O’Grady moved into the apartment in 1955 with a couple girlfriends, according to the New York Post, which broke the story. She was just 21, fresh out of UC Berkeley, and hoping to start her career as an actress.  The apartment was a classic New York City walk-up. It had no heat and no running water. Over time, the young women would make some updates to the place but not many. A sink was about as far as they got in modern amenities. During the course of 60 years, the roommates eventually moved out, the beatniks came and left the Village and the building changed hands. O’Grady had a couple of brushes with acting fame, including a minor part in “Taxi Driver,” but through it all she remained in the apartment with the bare necessities.
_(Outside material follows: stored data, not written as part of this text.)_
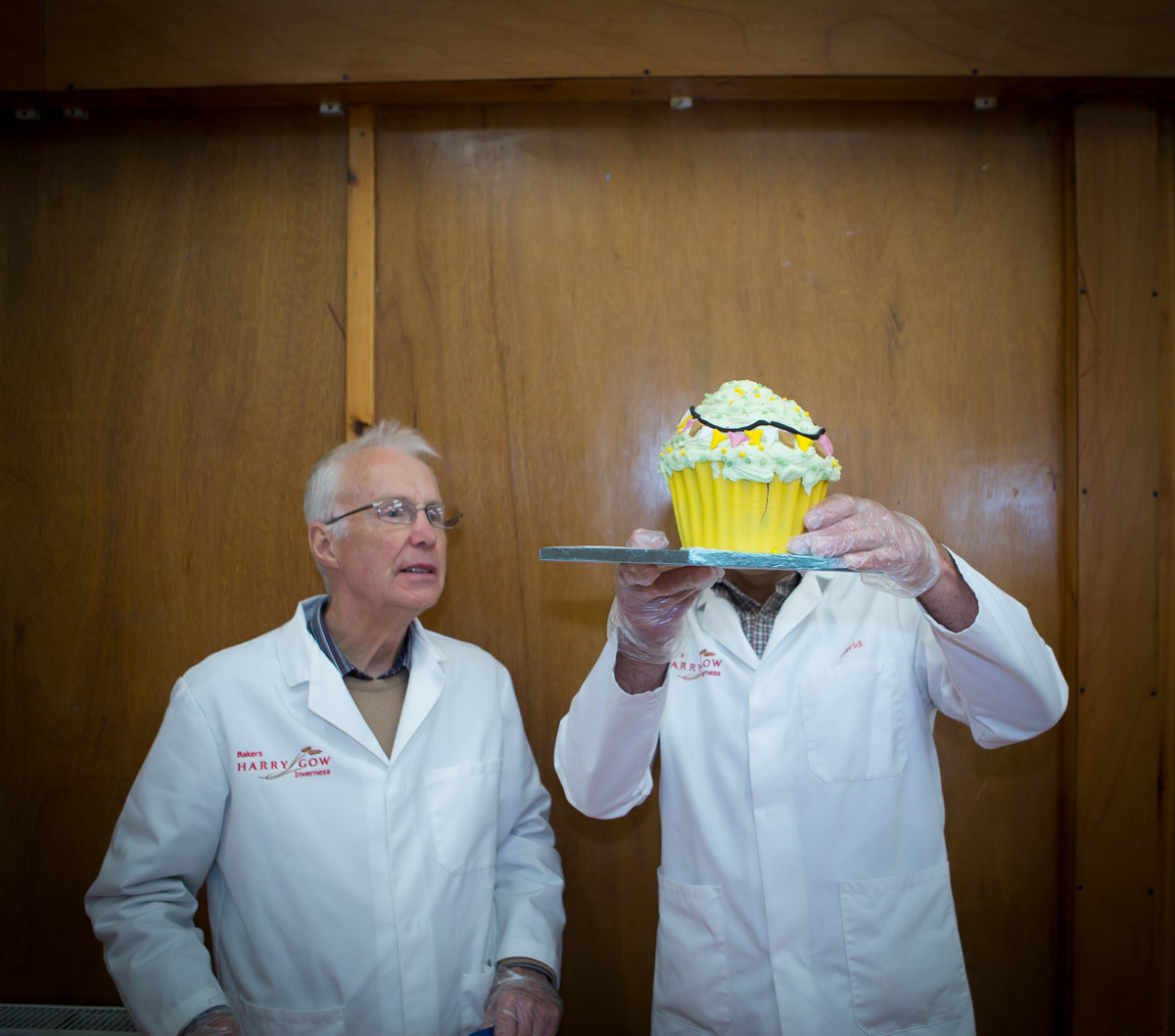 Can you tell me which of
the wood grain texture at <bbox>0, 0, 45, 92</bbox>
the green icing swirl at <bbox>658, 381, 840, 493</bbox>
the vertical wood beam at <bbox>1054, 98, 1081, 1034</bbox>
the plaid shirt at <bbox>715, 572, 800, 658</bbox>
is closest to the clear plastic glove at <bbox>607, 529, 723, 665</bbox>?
the green icing swirl at <bbox>658, 381, 840, 493</bbox>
Aside from the piles of shopping bags, growing stacks of books and a Hillary bumper sticker, the apartment had stopped in time and remained unheated and without running water up until O’Grady’s death.

O’Grady Refused Improvements to the Apartment

According to Adam Pomerantz, who purchased the building in 2002 and owns Murray’s Bagel next door at 500 Sixth Ave., O’Grady resisted updates or modernization for the apartment. After the building’s ownership changed hands, Pomerantz did up the rent by a total of $1.98 over what O’Grady had previously been paying. He even tried to install a heating system. O’Grady declined his offer, but accepted the higher rent. She would drop her rent in the mailbox on the corner of West 13th each month as she always had. Most of Pomerantz’s tenants left their rent at the bagel shop downstairs since it was easier. Despite the hassle of postage, “She was very quick paying her $28,” Pomerantz said.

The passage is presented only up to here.